Two important design choices were made here. The first was the use of fixed-length handles (32 bytes). This makes the programming and execution of the algorithm efficient and particularly suited for implementation with FPGAs, as the operands are now of a fixed (and therefore predictable) size. Previous dedupe algorithms have variable length search handles which have some arbitrarily derived boundary based on the content of packets themselves. Not only does this make it difficult to optimize from an implementation perspective, but it also makes partial matching virtually impossible to do.
The second significant design choice is Infineta’s particular use of the “match-vector.” Typically in other vendor’s approaches the entire input packet must match a portion of the dictionary for deduplication to occur. Infineta’s approach does not have this restriction. This vastly increases the efficiency gained by the appliance. Looking at our diagram in step (f), we can see that the 1st byte of the packet does not fall on a 32-byte boundary in the dictionary after it is aligned. In most cases this will be true on both the front-end and tail-end of the packet. We also see that there is a non-matching portion in the middle of the packet. Infineta simply quantifies all of this in the match-vector as shown, then dedupes (i.e., removes) the matching portions of the packet. The remaining non-matching portions of the packet are packed together in the resulting optimized packet. Traditional acceleration solutions would have simply passed the original packet through with no deduplication occuring at all.
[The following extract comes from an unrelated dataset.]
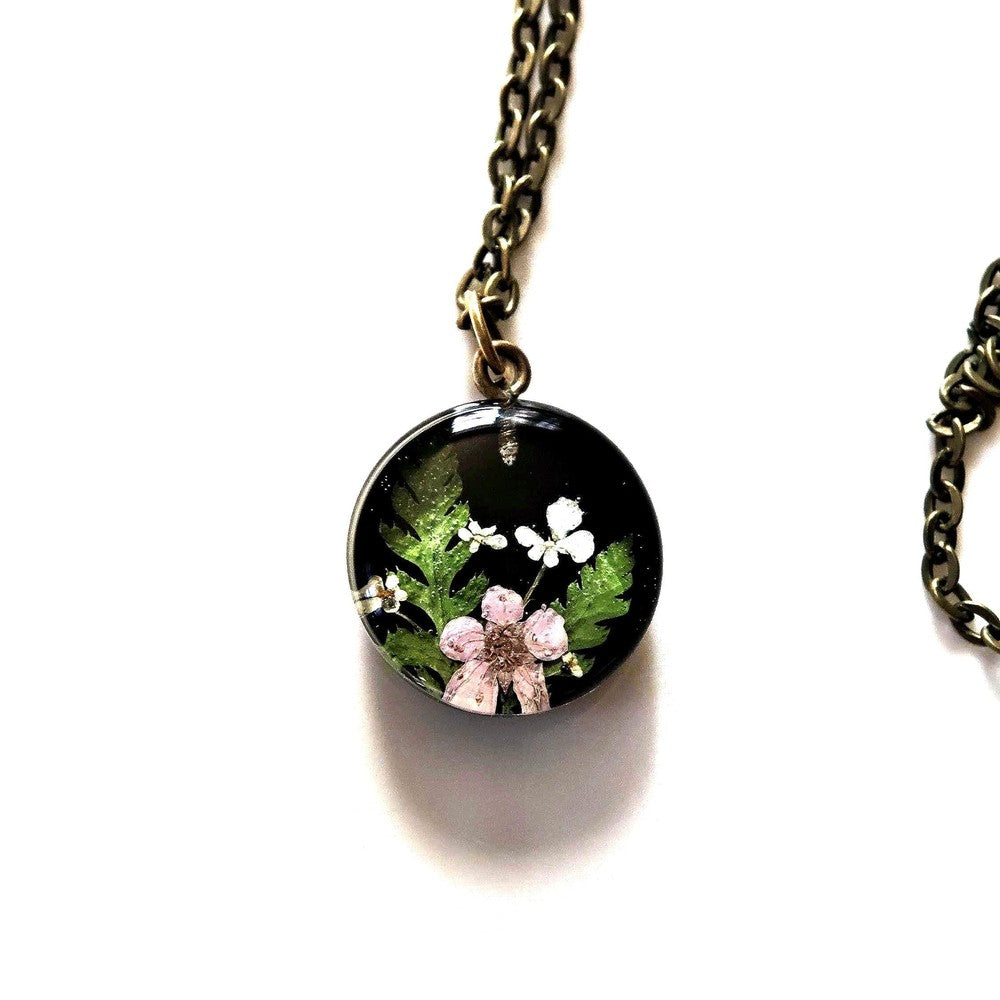 Black Resin Heart Necklace with Crushed Gold Flakes Handmade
In the next part, we’ll go over the hardware architecture in a little bit more detail and how some of these steps map to the components of the platform.
This is a WAN acceleration solution that is completely viable. The application of it is clearly defined and its built to execute on this at very high speeds with extremely low latency. If you have high-speed DCI requirements now, then you really ought to be looking at this solution.
Disclosure: I was a participant at Network Field Day #3. Infineta, along with other vendors including one of their competitors, did pay for the NFD3 participants’ travel expenses. Additionally Infineta is a sponsor of PacketPushers. Regardless, my opinion is my own here. If I thought they sucked, this article would have been very different. I’m not shy about my opinions.